Domestic team information
- 1995: Oxford University

Career statistics
| Competition | First-class |
| Matches | 2 |
| Runs scored | 28 |
| Batting average | 14.00 |
| 100s/50s | –/– |
| Top score | 14 |
| Balls bowled | 250 |
| Wickets | 3 |
| Bowling average | 31.00 |
| 5 wickets in innings | – |
| 10 wickets in match | – |
| Best bowling | 3/51 |
| Catches/stumpings | –/– |
- Source: Cricinfo, 7 March 2020

= Jason Windsor (businessman) =

British Businessman (born 1972)

Jason Michael Windsor (born 7 August 1972) is an English businessman and former first-class cricketer.

==Cricket career==
Windsor was born at Chesterfield in August 1972. He was educated at Repton School, before going up to Worcester College, Oxford.
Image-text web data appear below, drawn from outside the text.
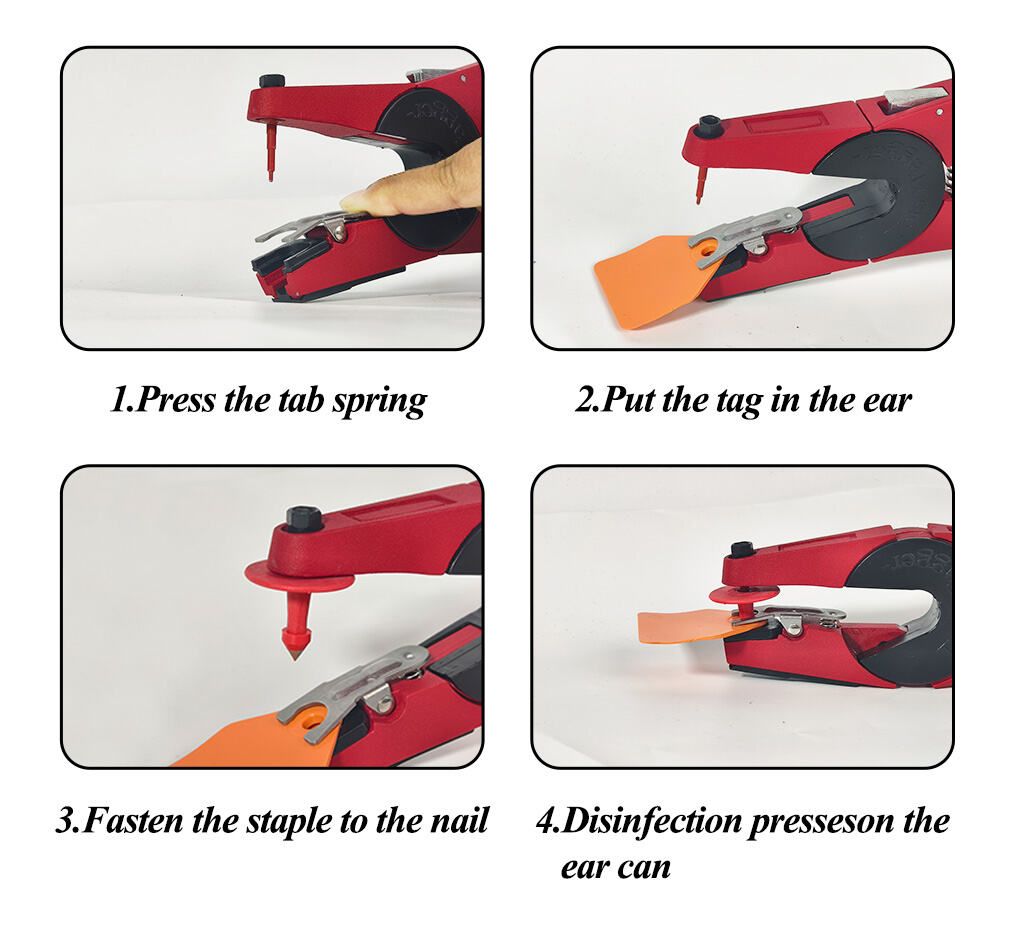 cattle ear tag applicator installation steps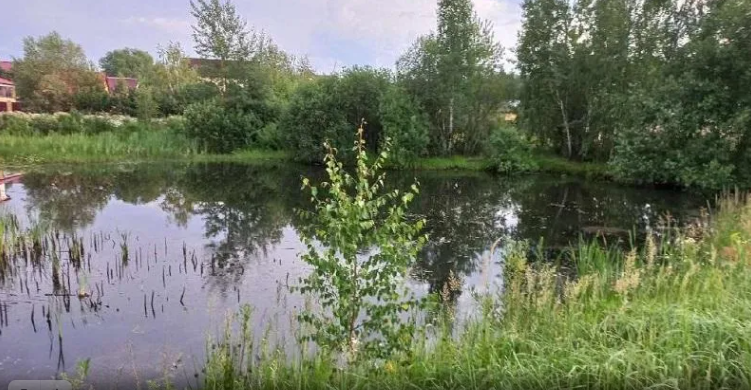 В Одинцовском округе ликвидировали пересечение частного земельного участка с водоохранной зоной реки Малая Вязёмка, Июль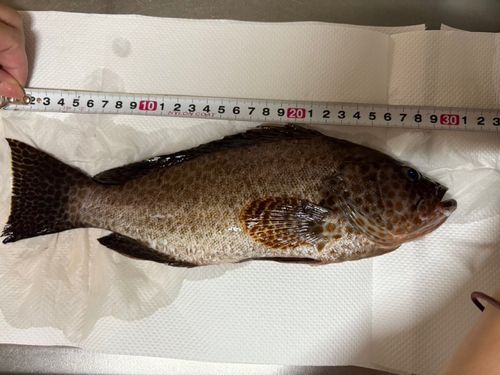 オオモンハタの釣果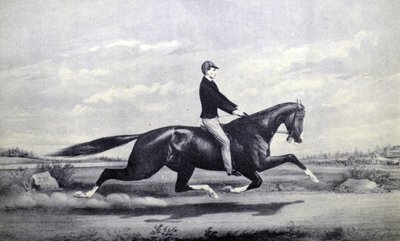 Beroemde Paard Dexter De Koning van de Turf door N. and Ives, J.M. Currier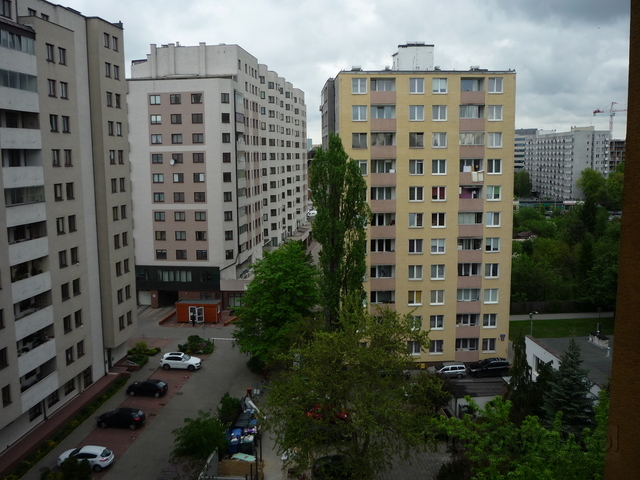 Filona, 2015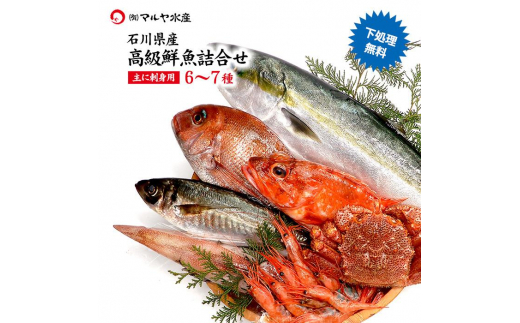 石川県・加賀市 旬の鮮魚 ( 刺身用/下処理済 ) 詰合せ 6～7種 F6P-0564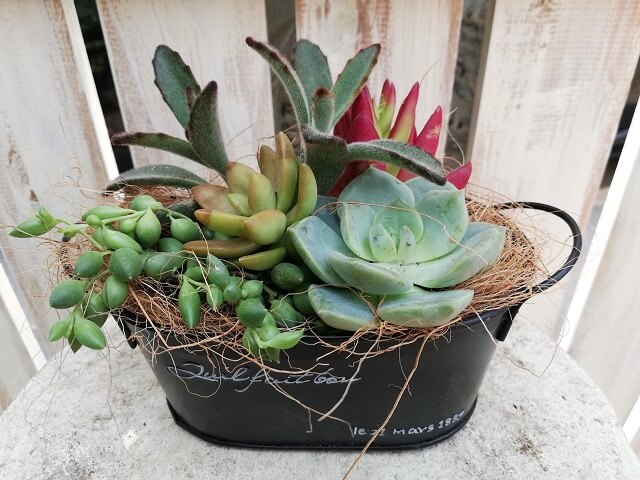 ガーデニングの季節<br />
多肉寄せ植えワークショップ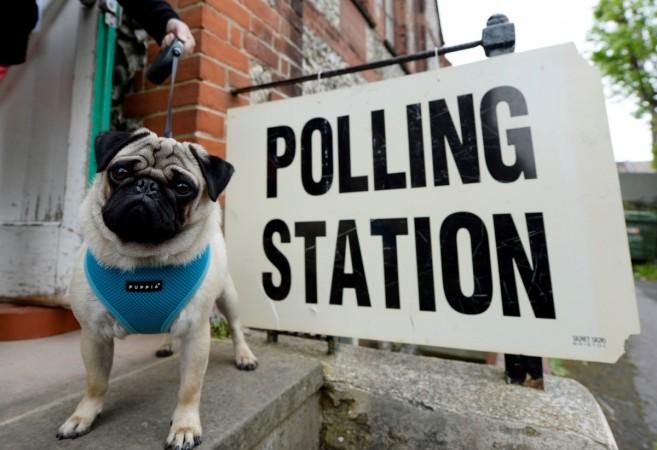 A voter arrives with a dog at a polling station in Brighton, Britain June 8, 2017. UK polling booth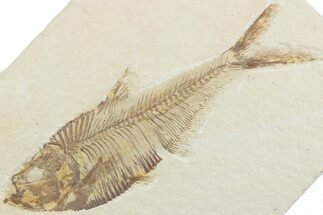 Detailed Fossil Fish (Diplomystus) - Wyoming #369498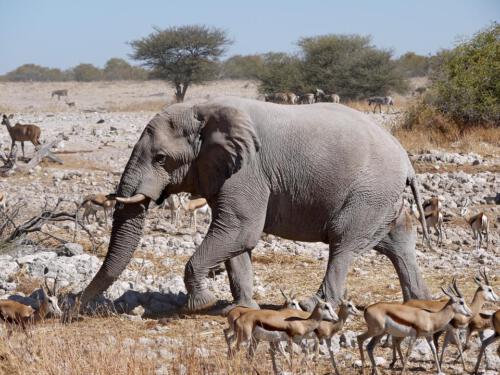c-UWens Elefanten-Etosha 06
While studying at Oxford, he made two appearances in first-class cricket for Oxford University in 1995 against Derbyshire and Middlesex. He scored 28 runs in his two matches, with a high score of 14, while with his right-arm fast-medium bowling, he took 3 wickets.

==Business career==
Windsor joined Aviva in 2010 and rose to the position of chief financial officer (CFO) which he held from 2019 to 2022. He served a year as CFO of Persimmon before taking the same position at Aberdeen Group plc in 2023.

In May 2024, he became interim chief executive officer following the announcement of Stephen Bird's departure. He was appointed Group CEO in September 2024.

Windsor previously spent 15 years at Morgan Stanley in London and Singapore, latterly as a managing director within its investment banking division.